▶ **Prompt**
Reproduce, from the lines below, exactly the stretch that begins at the line containing "Freedom Unleashed: How" and ends at the line containing "ЖКХ, благоустройство, Управдом", both included.

▶ **Stored entries**
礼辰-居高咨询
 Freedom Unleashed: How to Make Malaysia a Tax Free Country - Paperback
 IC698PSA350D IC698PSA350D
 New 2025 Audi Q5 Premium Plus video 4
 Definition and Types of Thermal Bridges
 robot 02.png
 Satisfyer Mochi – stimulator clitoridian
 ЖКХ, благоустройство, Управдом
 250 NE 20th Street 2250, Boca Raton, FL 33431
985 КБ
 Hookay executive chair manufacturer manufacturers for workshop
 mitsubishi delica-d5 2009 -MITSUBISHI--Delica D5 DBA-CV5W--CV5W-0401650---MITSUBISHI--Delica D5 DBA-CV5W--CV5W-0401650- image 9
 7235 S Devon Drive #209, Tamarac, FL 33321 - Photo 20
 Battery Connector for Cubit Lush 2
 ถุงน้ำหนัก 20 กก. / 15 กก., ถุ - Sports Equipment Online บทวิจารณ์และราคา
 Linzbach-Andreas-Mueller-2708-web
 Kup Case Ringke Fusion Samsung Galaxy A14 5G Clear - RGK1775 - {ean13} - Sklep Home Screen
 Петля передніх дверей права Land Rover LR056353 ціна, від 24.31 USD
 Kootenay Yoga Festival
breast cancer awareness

▶ **Your solution**
 Freedom Unleashed: How to Make Malaysia a Tax Free Country - Paperback
 IC698PSA350D IC698PSA350D
 New 2025 Audi Q5 Premium Plus video 4
 Definition and Types of Thermal Bridges
 robot 02.png
 Satisfyer Mochi – stimulator clitoridian
 ЖКХ, благоустройство, Управдом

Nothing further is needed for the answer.